What is expected - An exact reproduction of the entries is needed. Keep all pictures out of it.
....................
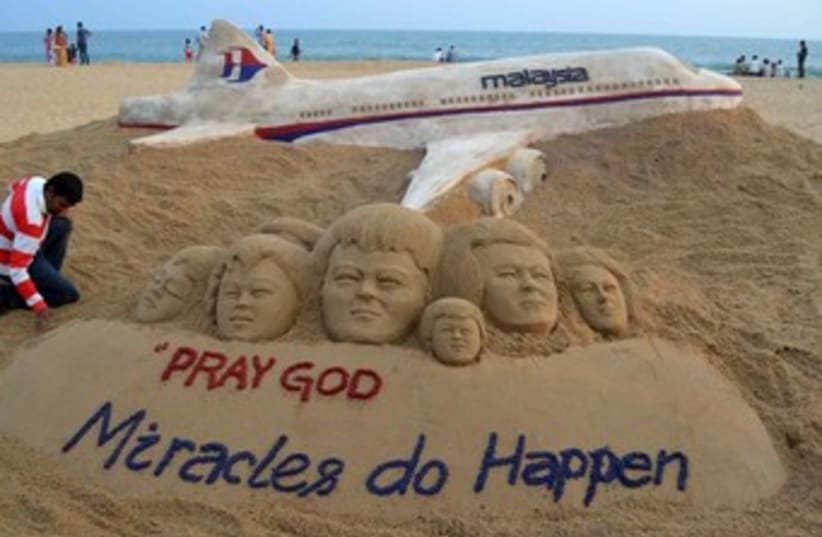 Indian sand artist Sudarshan Patnaik creates a sand sculpture in honor of the passengers. (photo credit: REUTERS)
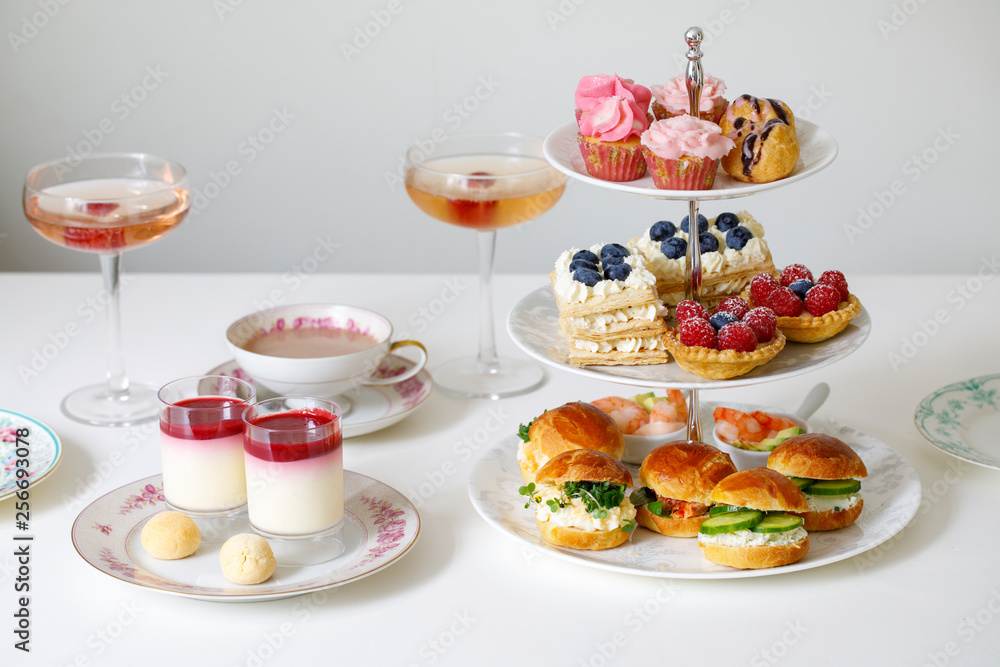 Afternoon tea with mini brioche canapes and selection of sweets Photos |  Adobe Stock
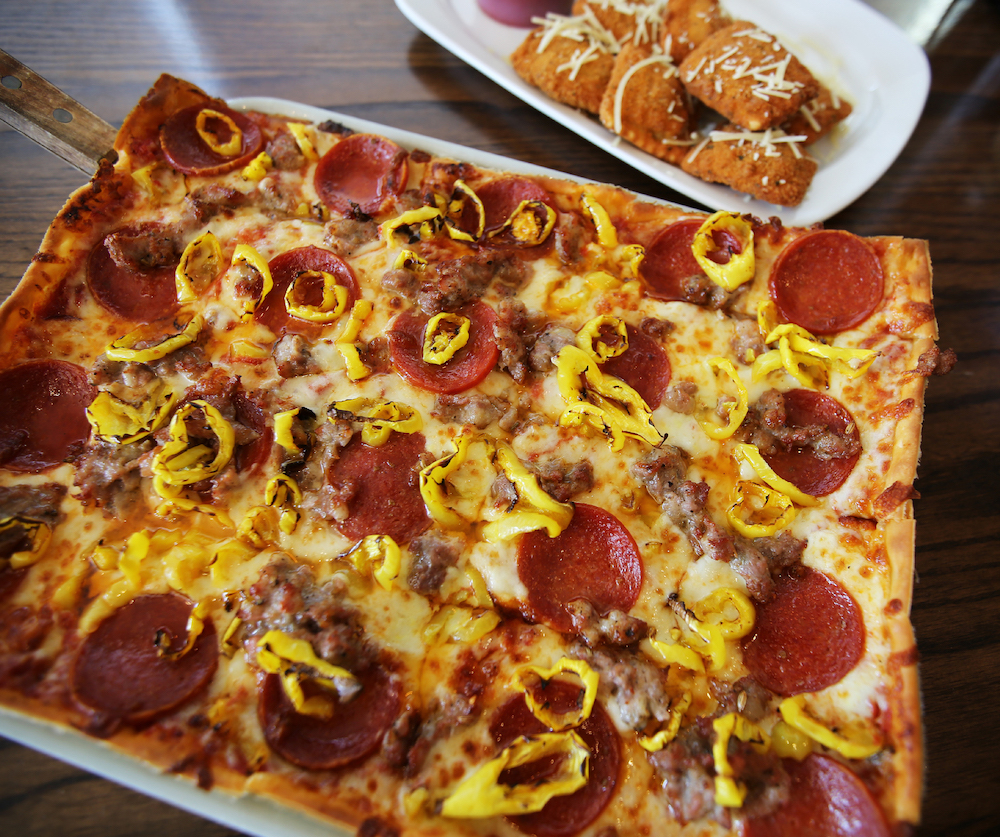this photo shows a delicious-looking, square-shaped pizza topped with pepperoni, Italian sausage and yellow peppers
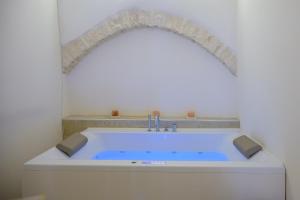 a bath tub in a bathroom with an arch above it at Relais I Quattro Cuori in Martina Franca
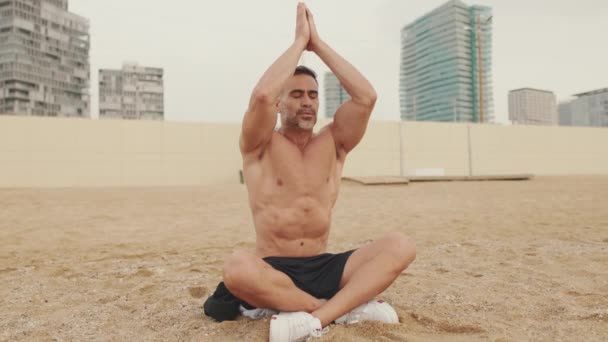 Зрілий Чоловік Робить Дихальні Вправи Сидячи Піску Узбережжі — стокове відео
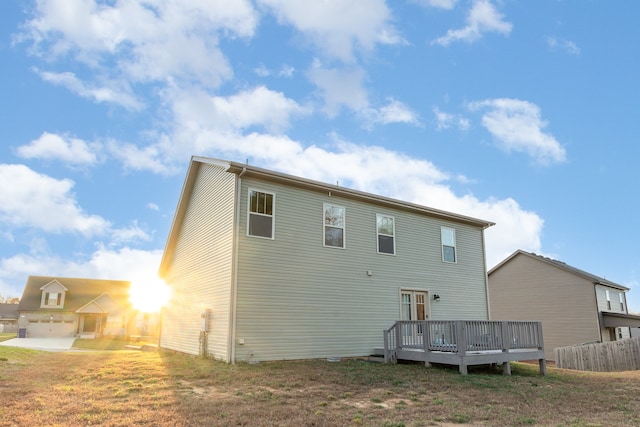 rear view of property with a yard and a wooden deck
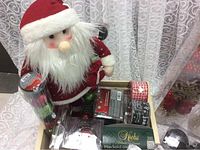 Photo showing a box containing a large plush Santa decoration, multiple boxes of Christmas balls in packaging, some labelled Krebs brand, two rolls of decorative ribbon, and the gold star tree topper visible.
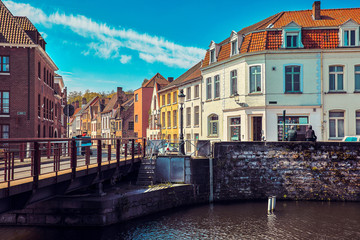 Medieval town Bruges. Old house at vintage street. Bridge over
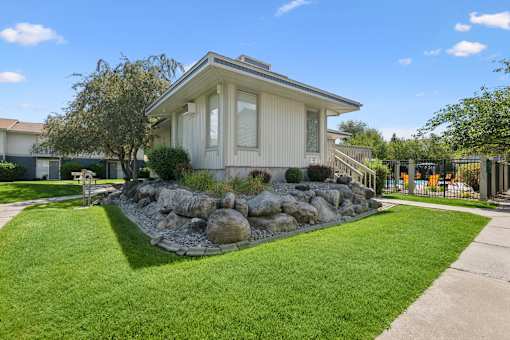 A house with a well-manicured lawn and a rock garden in front.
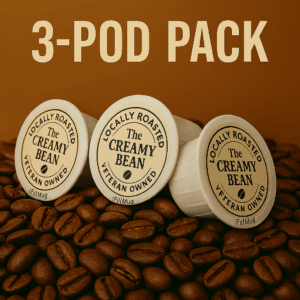 Three iFillCup-style coffee pods with The Creamy Bean logo, arranged on fresh roasted coffee beans.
....................
Response -
 Indian sand artist Sudarshan Patnaik creates a sand sculpture in honor of the passengers. (photo credit: REUTERS)
 Afternoon tea with mini brioche canapes and selection of sweets Photos |  Adobe Stock
this photo shows a delicious-looking, square-shaped pizza topped with pepperoni, Italian sausage and yellow peppers
 a bath tub in a bathroom with an arch above it at Relais I Quattro Cuori in Martina Franca
 Зрілий Чоловік Робить Дихальні Вправи Сидячи Піску Узбережжі — стокове відео
 rear view of property with a yard and a wooden deck
 Photo showing a box containing a large plush Santa decoration, multiple boxes of Christmas balls in packaging, some labelled Krebs brand, two rolls of decorative ribbon, and the gold star tree topper visible.
 Medieval town Bruges. Old house at vintage street. Bridge over
 A house with a well-manicured lawn and a rock garden in front.
 Three iFillCup-style coffee pods with The Creamy Bean logo, arranged on fresh roasted coffee beans.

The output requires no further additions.